--- WORK REQUEST ---
Where the listing below has a line with "INABA Chat Churu", write out exactly that line and every line after it, stopping after the line with "Pão sirio com fermento natural - Etapa 5".

--- DATASET CONTENT ---
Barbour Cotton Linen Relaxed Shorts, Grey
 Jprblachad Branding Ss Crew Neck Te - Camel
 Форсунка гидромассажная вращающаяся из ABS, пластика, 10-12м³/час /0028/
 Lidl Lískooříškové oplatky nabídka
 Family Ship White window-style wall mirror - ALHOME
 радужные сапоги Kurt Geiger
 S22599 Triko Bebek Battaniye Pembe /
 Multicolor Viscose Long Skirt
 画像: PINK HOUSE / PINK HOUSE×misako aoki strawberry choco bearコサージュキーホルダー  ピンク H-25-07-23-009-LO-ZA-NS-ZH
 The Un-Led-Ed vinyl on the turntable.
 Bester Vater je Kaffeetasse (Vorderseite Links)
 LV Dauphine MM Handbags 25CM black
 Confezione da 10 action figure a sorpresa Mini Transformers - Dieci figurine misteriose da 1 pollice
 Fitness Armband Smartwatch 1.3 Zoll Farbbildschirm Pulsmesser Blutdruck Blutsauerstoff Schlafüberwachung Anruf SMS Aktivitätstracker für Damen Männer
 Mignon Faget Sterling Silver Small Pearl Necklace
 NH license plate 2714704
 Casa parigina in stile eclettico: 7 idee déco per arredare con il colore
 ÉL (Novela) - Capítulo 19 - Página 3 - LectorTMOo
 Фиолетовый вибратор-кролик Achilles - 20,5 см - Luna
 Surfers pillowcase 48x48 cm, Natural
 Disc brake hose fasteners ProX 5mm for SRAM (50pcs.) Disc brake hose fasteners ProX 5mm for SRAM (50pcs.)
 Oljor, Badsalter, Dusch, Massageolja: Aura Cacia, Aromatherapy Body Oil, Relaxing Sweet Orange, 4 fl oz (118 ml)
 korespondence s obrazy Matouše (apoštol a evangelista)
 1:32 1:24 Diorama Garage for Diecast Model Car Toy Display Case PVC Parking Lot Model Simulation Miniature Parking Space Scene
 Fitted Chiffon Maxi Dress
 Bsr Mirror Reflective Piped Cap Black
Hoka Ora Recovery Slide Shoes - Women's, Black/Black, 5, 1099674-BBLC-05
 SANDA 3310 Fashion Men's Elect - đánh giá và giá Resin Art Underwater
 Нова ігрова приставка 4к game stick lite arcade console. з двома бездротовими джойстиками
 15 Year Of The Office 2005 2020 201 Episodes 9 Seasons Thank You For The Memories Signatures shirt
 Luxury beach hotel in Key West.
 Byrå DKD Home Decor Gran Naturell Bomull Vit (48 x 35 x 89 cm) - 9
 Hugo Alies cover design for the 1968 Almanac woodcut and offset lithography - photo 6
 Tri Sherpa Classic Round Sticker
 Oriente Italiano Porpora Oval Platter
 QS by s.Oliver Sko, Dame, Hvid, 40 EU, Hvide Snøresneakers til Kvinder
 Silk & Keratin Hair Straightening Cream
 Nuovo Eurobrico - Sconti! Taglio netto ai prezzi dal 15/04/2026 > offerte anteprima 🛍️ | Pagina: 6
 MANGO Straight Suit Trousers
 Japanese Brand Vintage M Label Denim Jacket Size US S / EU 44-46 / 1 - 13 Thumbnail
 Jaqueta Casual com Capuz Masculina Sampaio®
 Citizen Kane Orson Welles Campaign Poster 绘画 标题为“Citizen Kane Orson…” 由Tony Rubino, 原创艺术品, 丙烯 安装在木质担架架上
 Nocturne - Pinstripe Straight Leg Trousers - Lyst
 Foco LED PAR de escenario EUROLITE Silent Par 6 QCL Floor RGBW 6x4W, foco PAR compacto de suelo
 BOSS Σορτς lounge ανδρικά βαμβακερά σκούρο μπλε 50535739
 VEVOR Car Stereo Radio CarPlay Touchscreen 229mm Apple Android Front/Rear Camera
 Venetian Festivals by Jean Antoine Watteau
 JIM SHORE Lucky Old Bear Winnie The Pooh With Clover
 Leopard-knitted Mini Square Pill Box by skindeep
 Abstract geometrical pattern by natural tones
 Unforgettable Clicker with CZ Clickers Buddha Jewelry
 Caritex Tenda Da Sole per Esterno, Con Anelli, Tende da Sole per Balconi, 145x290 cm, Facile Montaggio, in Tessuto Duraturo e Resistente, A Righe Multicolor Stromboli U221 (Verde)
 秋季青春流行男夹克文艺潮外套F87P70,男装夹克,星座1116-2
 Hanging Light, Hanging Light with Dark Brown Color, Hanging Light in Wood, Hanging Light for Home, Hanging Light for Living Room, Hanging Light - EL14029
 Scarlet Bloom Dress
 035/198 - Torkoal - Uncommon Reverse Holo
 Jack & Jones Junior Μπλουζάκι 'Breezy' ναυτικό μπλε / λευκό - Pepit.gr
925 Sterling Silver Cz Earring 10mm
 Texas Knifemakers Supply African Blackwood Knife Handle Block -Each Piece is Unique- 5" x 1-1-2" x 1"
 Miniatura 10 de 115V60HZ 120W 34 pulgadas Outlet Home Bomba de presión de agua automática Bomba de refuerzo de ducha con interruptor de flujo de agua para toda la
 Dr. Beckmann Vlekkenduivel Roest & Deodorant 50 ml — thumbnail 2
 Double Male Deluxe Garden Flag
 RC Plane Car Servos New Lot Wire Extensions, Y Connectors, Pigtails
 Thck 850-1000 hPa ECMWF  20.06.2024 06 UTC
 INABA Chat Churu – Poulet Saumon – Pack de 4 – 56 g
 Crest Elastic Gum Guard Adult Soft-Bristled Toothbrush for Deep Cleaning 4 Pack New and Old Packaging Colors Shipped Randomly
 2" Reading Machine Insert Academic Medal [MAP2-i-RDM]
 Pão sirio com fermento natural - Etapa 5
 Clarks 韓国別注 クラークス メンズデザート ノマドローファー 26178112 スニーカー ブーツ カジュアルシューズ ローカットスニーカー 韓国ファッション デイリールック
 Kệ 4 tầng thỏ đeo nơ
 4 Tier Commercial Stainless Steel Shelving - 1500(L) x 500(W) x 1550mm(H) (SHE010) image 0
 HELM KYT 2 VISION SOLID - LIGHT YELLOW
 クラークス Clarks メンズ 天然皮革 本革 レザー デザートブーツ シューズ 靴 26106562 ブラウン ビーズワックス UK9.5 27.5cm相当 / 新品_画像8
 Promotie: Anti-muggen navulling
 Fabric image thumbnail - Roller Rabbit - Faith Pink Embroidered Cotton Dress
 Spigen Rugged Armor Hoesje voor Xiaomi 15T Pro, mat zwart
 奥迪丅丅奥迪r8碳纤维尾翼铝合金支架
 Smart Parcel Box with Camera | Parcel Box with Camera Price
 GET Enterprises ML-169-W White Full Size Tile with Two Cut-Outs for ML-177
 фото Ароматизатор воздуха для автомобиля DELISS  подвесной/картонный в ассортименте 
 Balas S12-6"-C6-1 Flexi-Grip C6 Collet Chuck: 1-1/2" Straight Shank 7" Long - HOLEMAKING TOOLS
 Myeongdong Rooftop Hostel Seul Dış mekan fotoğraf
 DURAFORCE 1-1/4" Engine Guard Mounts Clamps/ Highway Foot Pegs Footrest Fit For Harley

--- WRITTEN REPLY ---
 INABA Chat Churu – Poulet Saumon – Pack de 4 – 56 g
 Crest Elastic Gum Guard Adult Soft-Bristled Toothbrush for Deep Cleaning 4 Pack New and Old Packaging Colors Shipped Randomly
 2" Reading Machine Insert Academic Medal [MAP2-i-RDM]
 Pão sirio com fermento natural - Etapa 5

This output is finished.